Berufung aus der Finsternis ins Licht
Ist das nicht wunderbar, unglaublich wunderbar?! Unser Herr Jesus Christus ermöglicht uns nicht nur durch Sein Sühneopfer am Kreuz Verzeihung all unserer Sünden, ER schenkt uns ein neues, wunderbares Leben aus der göttlichen Gnade. ER, Jesus Christus, Gott von Gott, Licht von Licht, ER ist die Zeitenwende, weil ER unser Heiland, unser Seligmacher ist. Das stellt der hl. Petrus, der erste Papst der hl.
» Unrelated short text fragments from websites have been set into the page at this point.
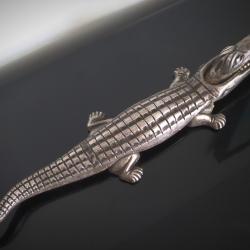 Crocodile casse-noisettes en superbe état! Objet des années 30 made in England-Nestor-numéroté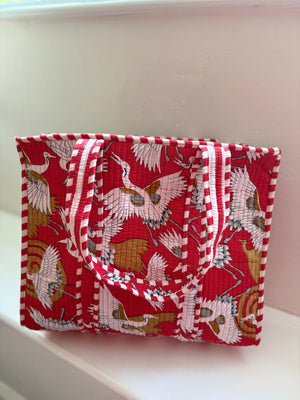Quilted tote bag with zip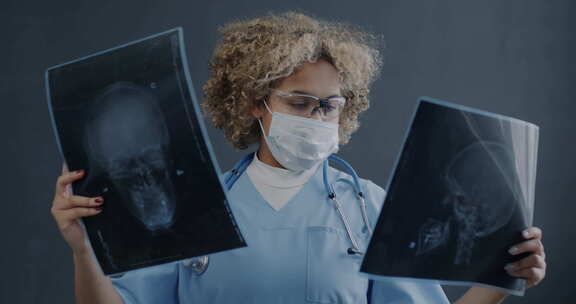 穿着制服的非裔美国女医生的肖像看着灰色人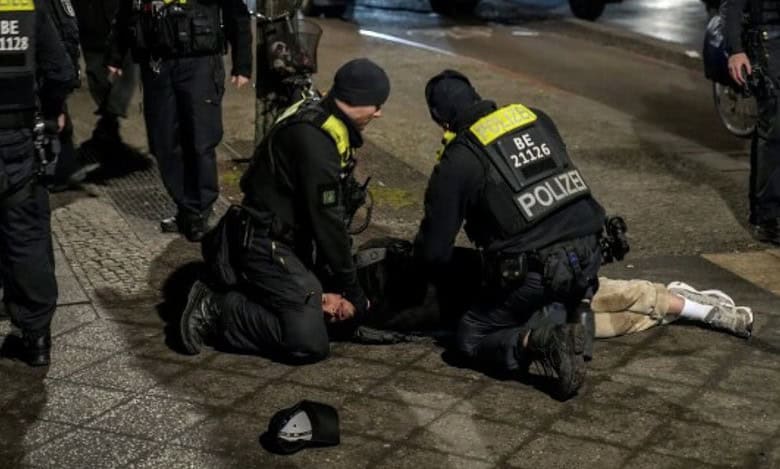 Berlin Holocaust Memorial stabbing suspect being arrested by the police. (Photo: AP)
Kirche Jesu Christi, fest:
„Denn es steht geschrieben: ‚Seht, ich lege in Zion einen Stein, einen auserlesenen und kostbaren Eckstein. Wer an ihn glaubt, soll nicht zuschanden werden.‘ Euch, den Glaubenden, wird also Ehre zuteil. Für die Nichtglaubenden aber ist er der Stein, den die Bauleute verworfen haben. Dieser ist zum Eckstein geworden, zum Stein des Anstoßes, zum Fels des Ärgernisses. Sie stoßen sich an ihm, wozu sie auch bestimmt sind, weil sie dem Wort nicht gehorchen. Ihr aber seid ein auserwähltes Geschlecht, eine königliche Priesterschaft, ein heiliges Volk, ein Volk, das Gott gehört, damit ihr die herrlichen Taten dessen verkündet, der euch aus der Finsternis in sein wunderbares Licht berufen hat. Einst wart ihr ein Nicht-Volk, jetzt aber seid ihr Gottes Volk; einst Nichtbegnadete, jetzt Begnadete.“
(1. Petr. 2, 6 - 10)
Die Entscheidung
Jesus Christus ist DIE ENTSCHEIDUNG unseres Lebens: „Wer glaubt und sich taufen läßt, wird gerettet werden; wer aber nicht glaubt, wird verdammt werden.“ (Mk 16, 16) Und: „Wer nicht mit mir ist, ist gegen mich; wer nicht mit mir sammelt, zerstreut.“ (Mt. 12, 30)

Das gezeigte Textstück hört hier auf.